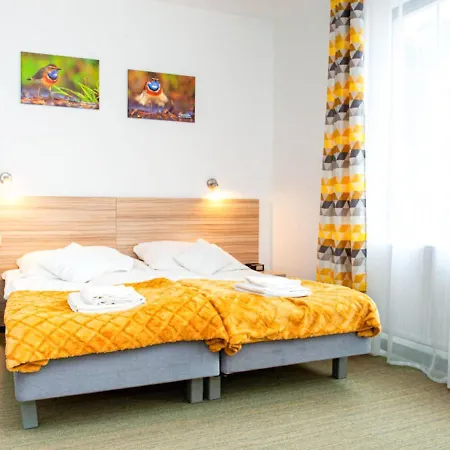 Bed & Breakfast Gosciniec Ptasi Zaulek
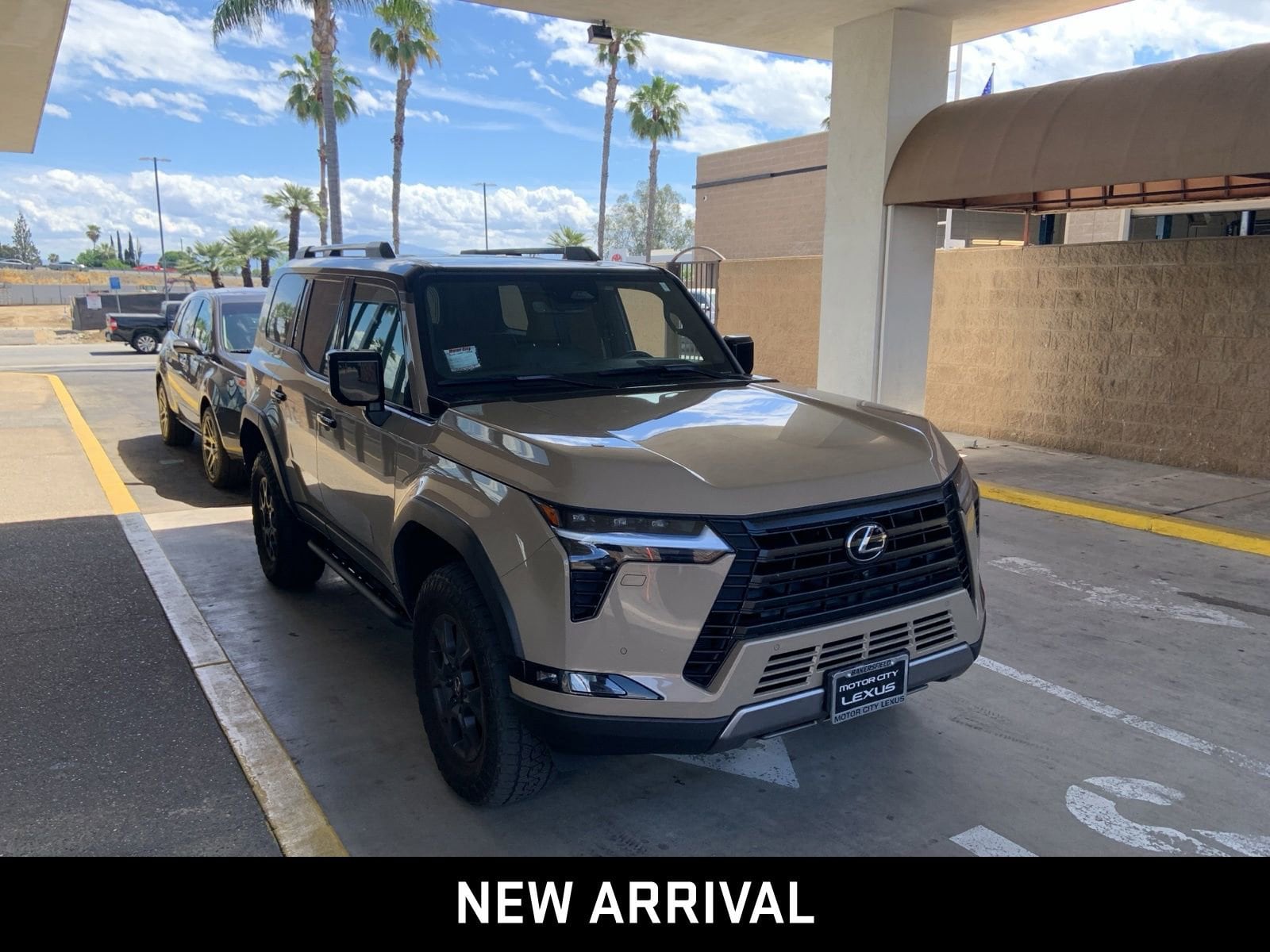 2025 LEXUS GX GX 550 Premium photo 3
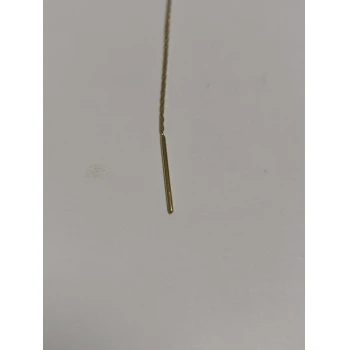 Cercel din aur proba 585* 0.45gr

= = =

When you repeat the data, keep it exact and drop every picture.

- **Completed exercise**:
 Bed & Breakfast Gosciniec Ptasi Zaulek
 2025 LEXUS GX GX 550 Premium photo 3
 Cercel din aur proba 585* 0.45gr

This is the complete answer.